11/08/2016 08:49:48 PM · #70
Bumping this because apparently some people are not aware that the rules were changes several months ago after much discussion -- maybe this will clarify the what/how/why of some of the changes.
11/09/2016 08:02:02 AM · #71
Originally posted by GeneralE:

Bumping this because apparently some people are not aware that the rules were changes several months ago after much discussion -- maybe this will clarify the what/how/why of some of the changes.

If you're going to bump this thread as an intentional misrepresentation of my otherwise clear post in the other thread, it would be fair to also inform readers that the rules (as stated in Bear's original post at the top of this thread) are not actually being enforced.
11/09/2016 08:18:11 AM · #72
Originally posted by GeneralE:

Bumping this because apparently some people are not aware that the rules were changes several months ago after much discussion -- maybe this will clarify the what/how/why of some of the changes.


I was perfectly aware that the rules had been changed, I can see that from the dates mentioned in the rules section of this website. What I was not aware of was the existence of forum posts where the rules have been interpreted by regulars, to become quite far removed from what is stated in the rules section.
11/09/2016 11:04:17 AM · #73
Originally posted by riot:

Originally posted by GeneralE:

Bumping this because apparently some people are not aware that the rules were changes several months ago after much discussion -- maybe this will clarify the what/how/why of some of the changes.

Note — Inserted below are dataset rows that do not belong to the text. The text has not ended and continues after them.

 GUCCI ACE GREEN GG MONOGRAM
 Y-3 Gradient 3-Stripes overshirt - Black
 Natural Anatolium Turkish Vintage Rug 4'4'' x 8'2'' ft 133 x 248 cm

If you're going to bump this thread as an intentional misrepresentation of my otherwise clear post in the other thread, it would be fair to also inform readers that the rules (as stated in Bear's original post at the top of this thread) are not actually being enforced.

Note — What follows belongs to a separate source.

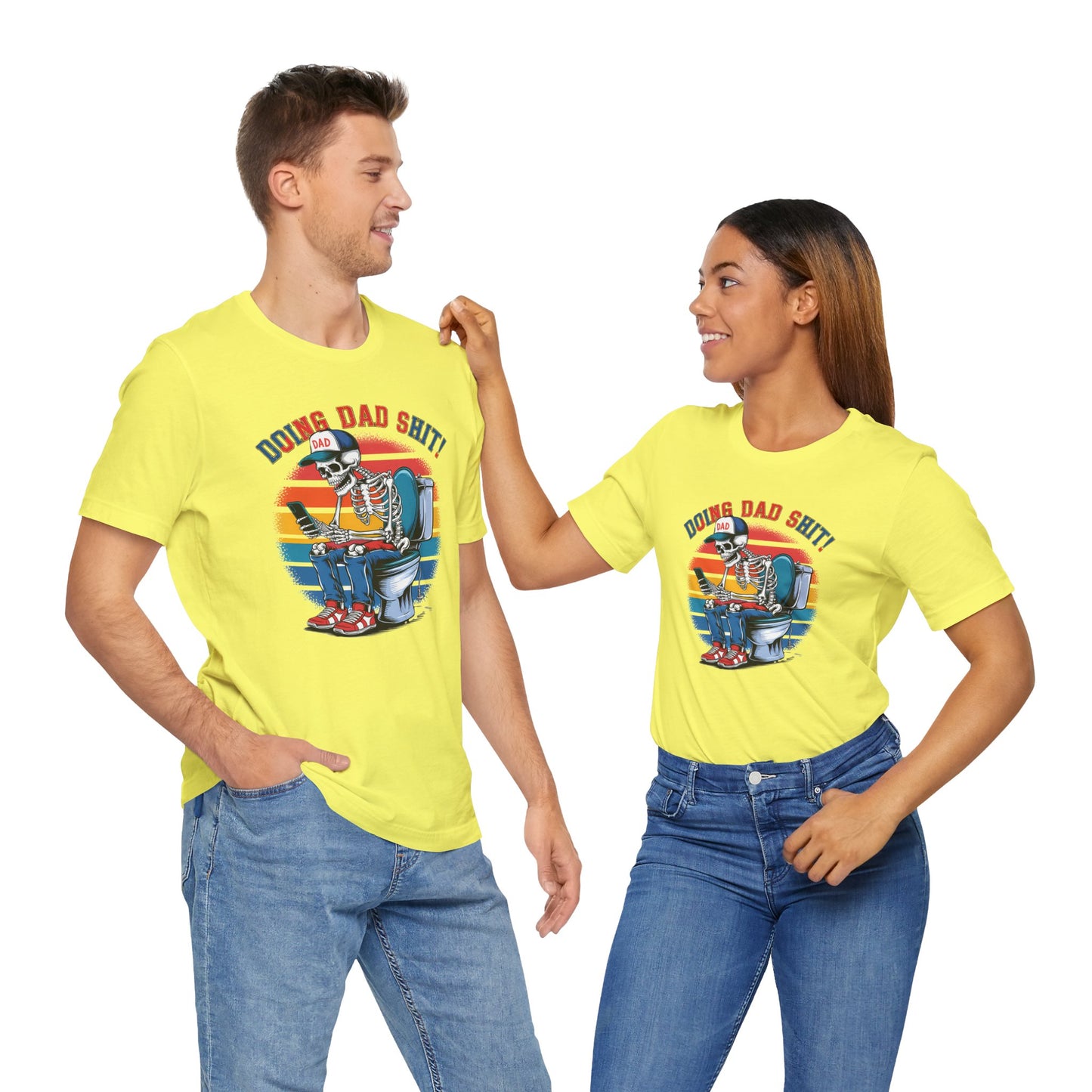 🧻 HACIENDO CABRAS DE PAPÁ | Camiseta gráfica divertida con esqueleto en el inodoro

There are a couple of inaccuracies about your interpretation. The portions of the rule you bolded refer to cloning out features from an image and replacing them "what would have been there" had the element not existed in the first place. Such as removing a garbage can on a lawn, and replacing it with the lawn "beneath" it. "Added features" has also been eliminated.

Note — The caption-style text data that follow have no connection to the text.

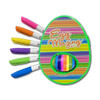 EggMazing Easter Egg Mini Decorator Kit Arts and Crafts Set - Includes Egg Decorating Spinner and 6 Markers - Ages 3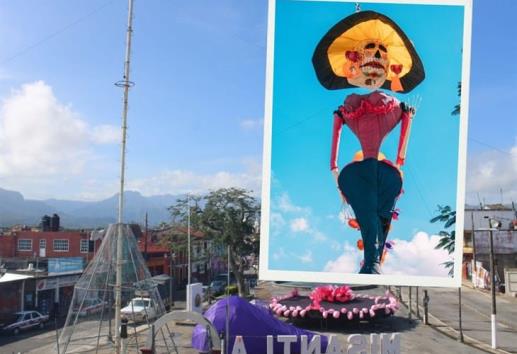 Misantla se prepara para presumir a la Catrina más grande de México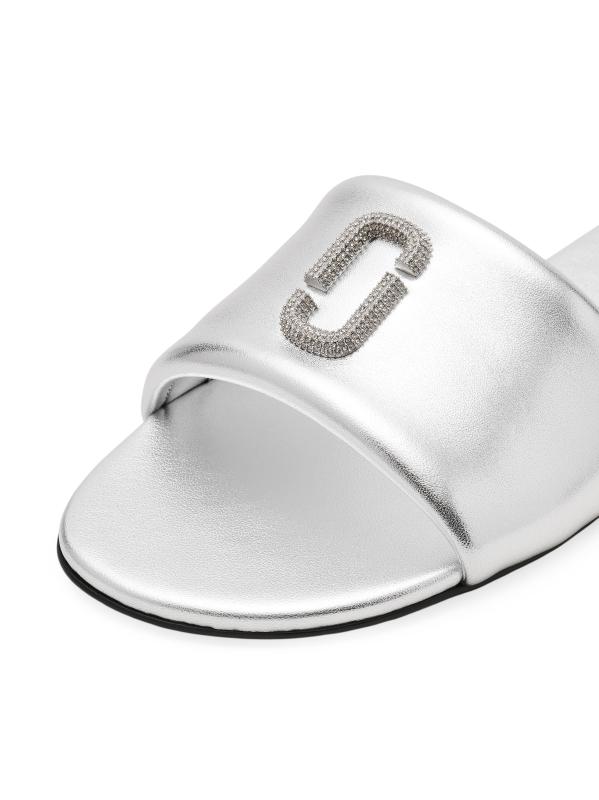 #4: شرائح ذا سناب شوت المزينة بالكريستال - فضة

Filters have always been allowed. The new rules have moved us away from the gray areas where the burden of deciding where the "too much" line is on the shoulders of SC. It is now up to voters to decide what is and isn't "too much", and have your scores reflect that position.

The new rules were also rolled out with the caveat that if at any time membership felt the rules had become too lax, or other issues surfaced, that we would all discuss it and SC would make any amendments in the event the majority felt were needed.
11/09/2016 11:47:38 AM · #74
Okay, now I'm totally confused. I need a PDF manual to remember what is and what isn't accepted. I really and truly wish there could be clear set of rules. I hope I am not the only one who feels this way. If the SC would like I would be willing to work on something in PDF form we could go by that is clearly laid out.
11/09/2016 11:53:30 AM · #75
Originally posted by Cyrilda:

Okay, now I'm totally confused. I need a PDF manual to remember what is and what isn't accepted. I really and truly wish there could be clear set of rules. I hope I am not the only one who feels this way. If the SC would like I would be willing to work on something in PDF form we could go by that is clearly laid out.


Not sure why you're confused. The current editing rule sets are here. They have been greatly simplified are MUCH easier to understand than the ones immediately preceding them.

And there's no need for a PDF. You can print them out if you need to see them on paper.